Antigua has strongly rejected the WTO arbitrators’ decision about the level of damages – a decision that is made especially controversial given that one of the three panelists dissented from the opinion, a rare occurrence in WTO jurisprudence, and by their own admission that they were on “shaky grounds” in determining the level of damages. According to Antigua, by basing their analysis on the “most likely scenario of compliance” by the United States rather than the export opportunities foregone, the arbitrators were showing unfair sympathy to the American case. The Americans were pleased that the $21 million in annual damages was well below the figure sought by Antigua ($3.4 billion), but expressed concern over the form of retaliation authorized. The United States had originally argued that their restrictions were worth only $500,000 in damages.

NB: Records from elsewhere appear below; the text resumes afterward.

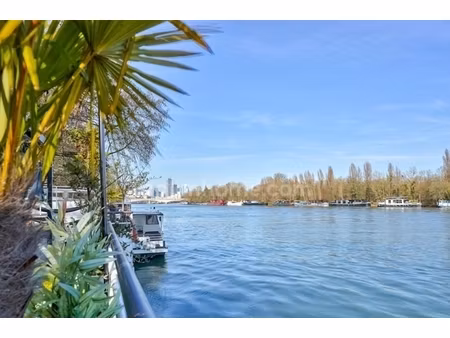 92150 - suresnes - peniche d'exception - aux portes de paris - quartier recherche - lumine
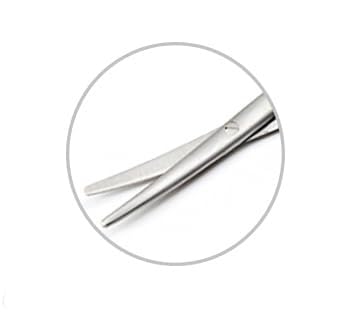Metzenbaum Scissors Curved 5" - Tungsten Carbide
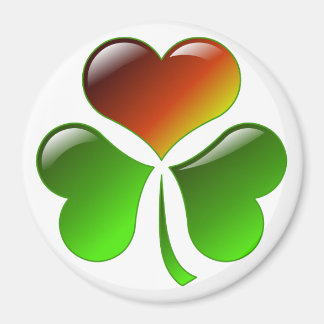 Imán Shamrock Heart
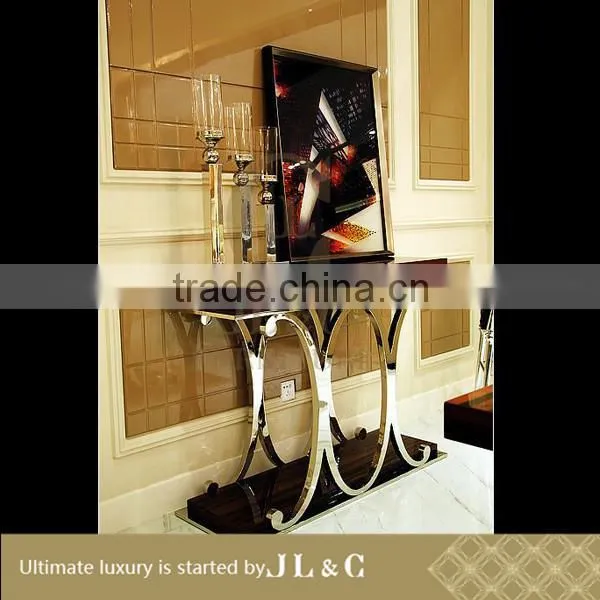 Neo-classical console table in living room from JL&C furniture lastest designs 2014 (China supplier)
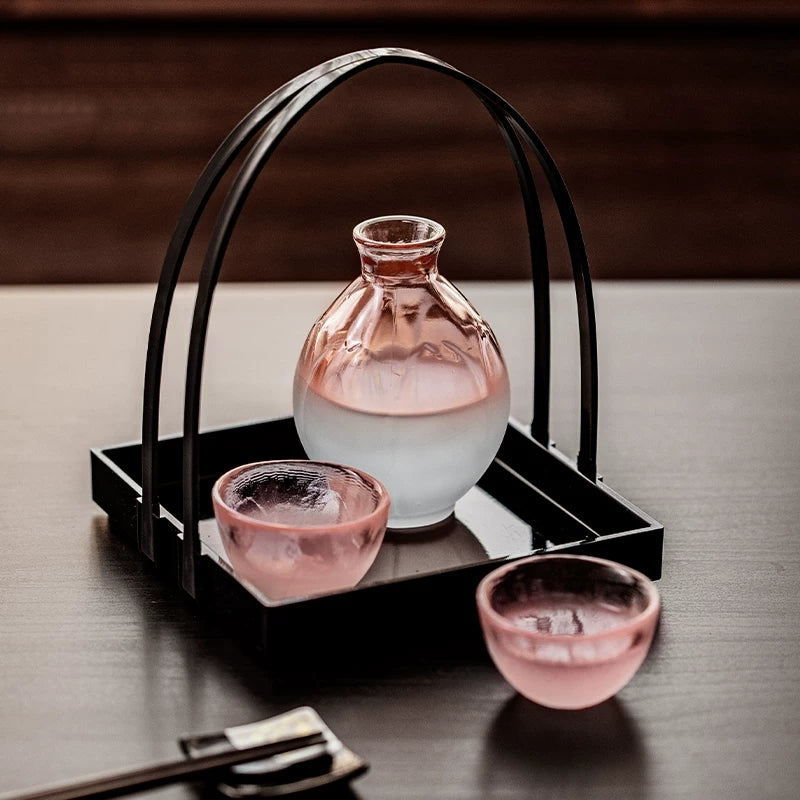 Hirota Glass Hana Honoka Sakura Sake Set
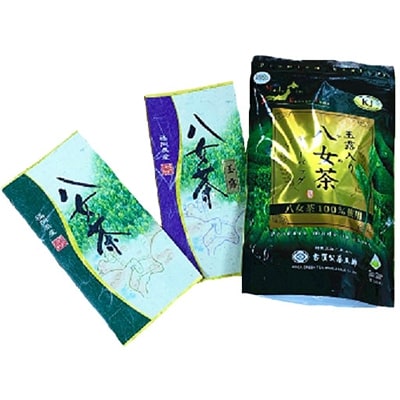 八女茶詰め合わせ(煎茶100g・玉露100g・玉露入煎茶ティーパック)各1袋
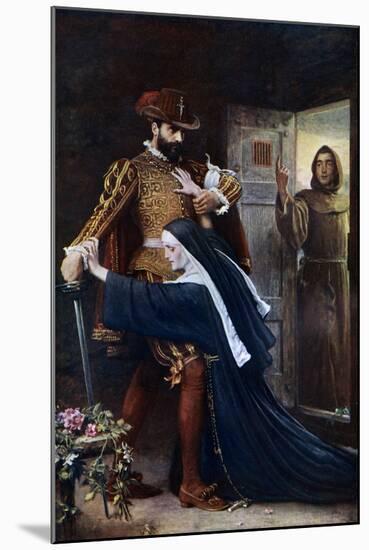 Mercy During the Massacre of St Bartholomew's Day, 1926-John Everett Millais-Mounted Giclee Print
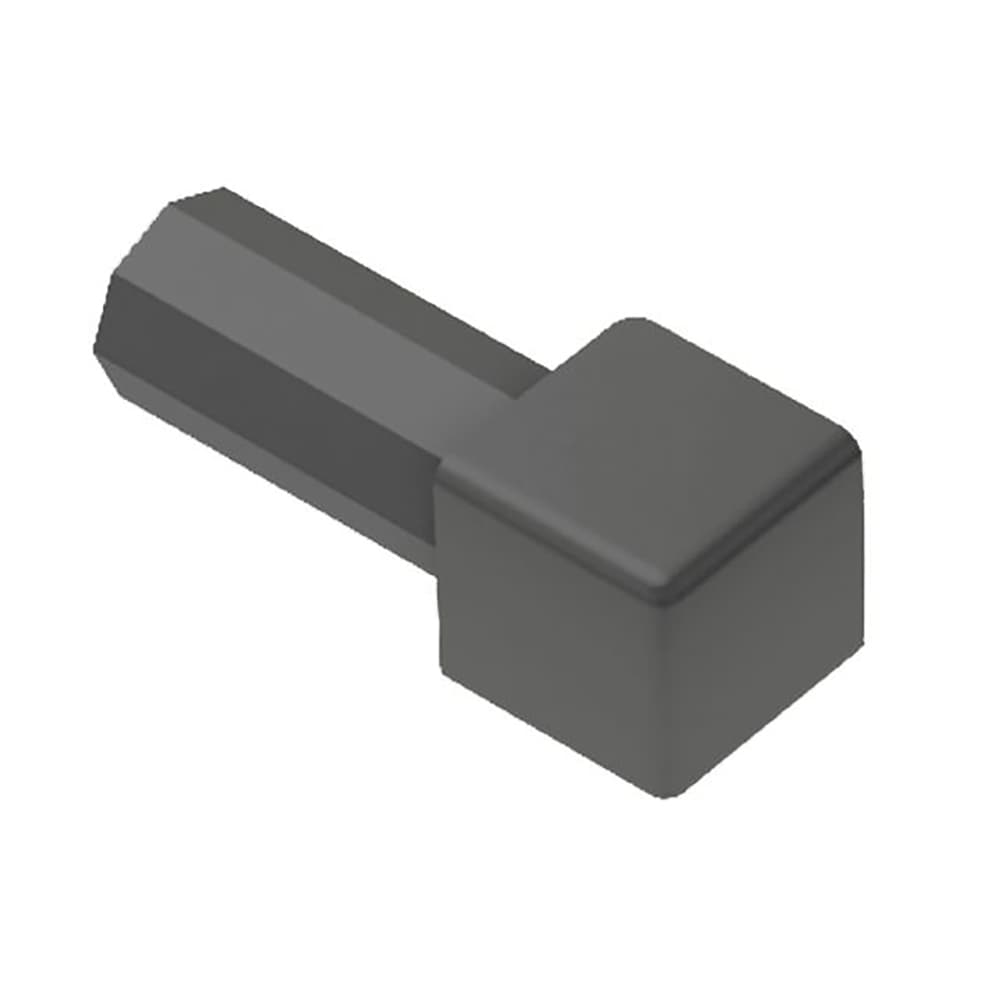Schluter Systems E/PQ125G Quadec 0.5-in W x 1.0-in L Grey PVC Outside corner Tile Edge Trim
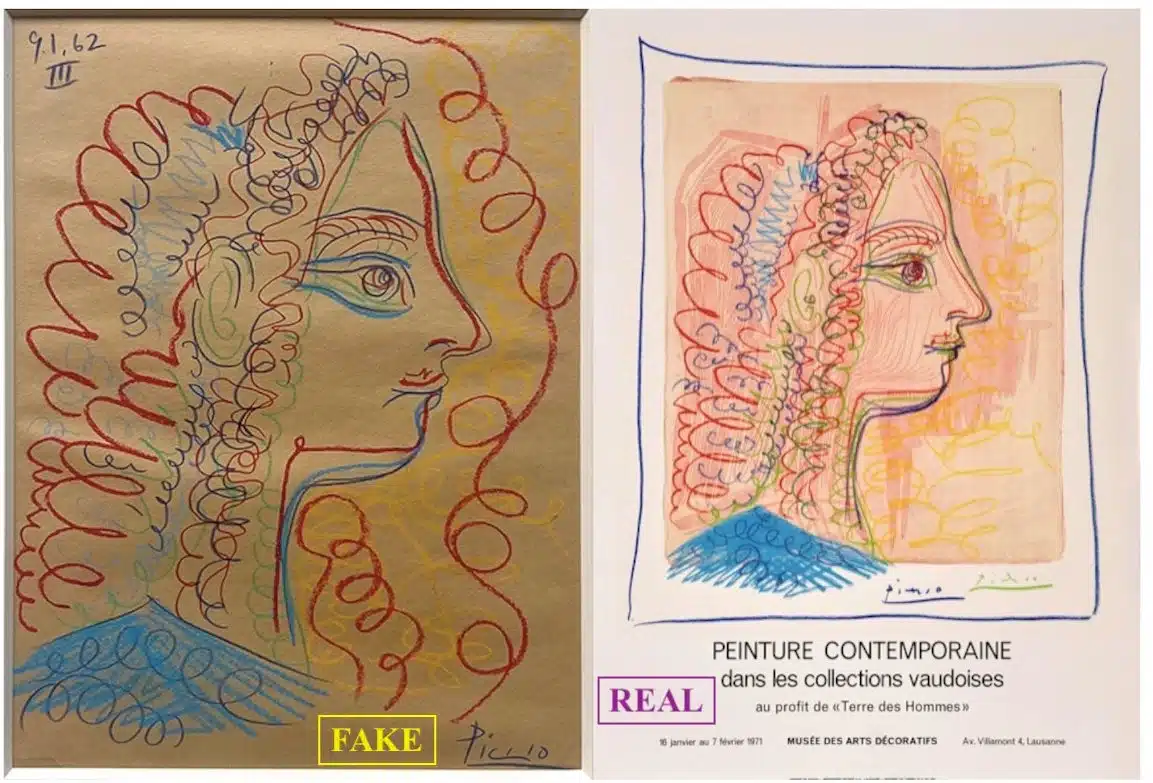 Real vs. Fake Picasso Signature
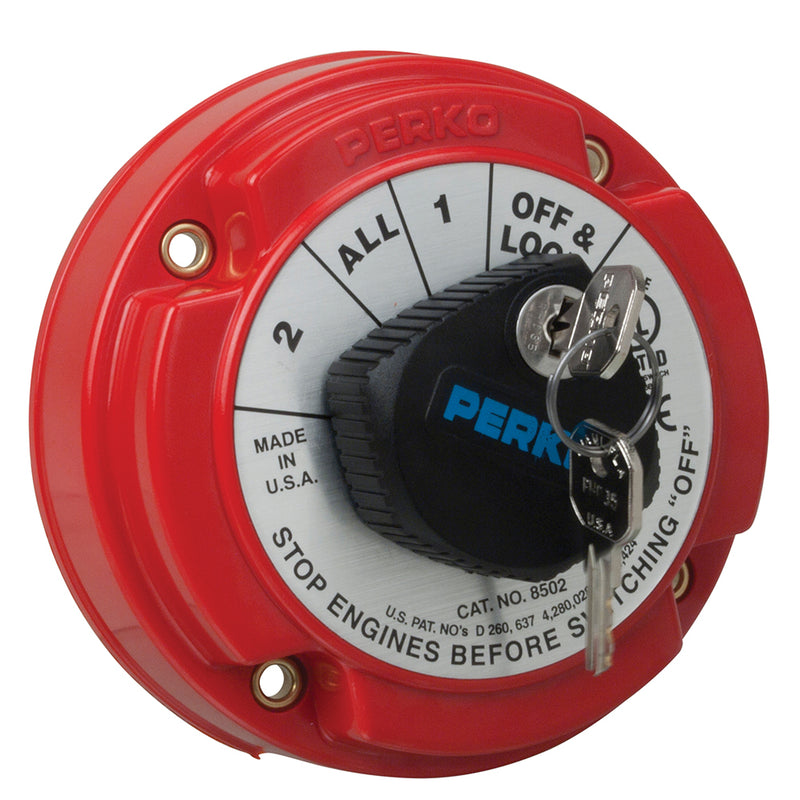 Load image into Gallery viewer, Perko Medium Duty Battery Selector Switch wKey Lock 8502DP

Notwithstanding the back-and-forth over the amount of sanctions, a couple of problems remain. First, who is to say how much it is worth to, say, download illegally a new CD or movie. Is it equivalent to the market value of buying a legal copy of the material? Or is it worth the cost of the download itself (less than a penny, I imagine). That is important because the WTO would limit Antigua to $21 million fairly strictly, and the U.S., under instruction from Hollywood and the software industry, would be expected to pounce if they saw the limit violated. There is also the question of whether Antigua would be able to export the fruits of its copyright violation to other countries and “earn” the $21 million that way.

While this is not the first time that the WTO has sanctioned violating intellectual property protections by suspending obligations under (that first came in March 2000, when the WTO gave Ecuador permission to suspend TRIPS obligations to the tune of $201 million in their dispute over European banana tariffs), the authorization has never been “actioned.” And, if the U.S. comes to its senses and begins to allow its citizens to gamble online freely, this case may not bring that to fruition either.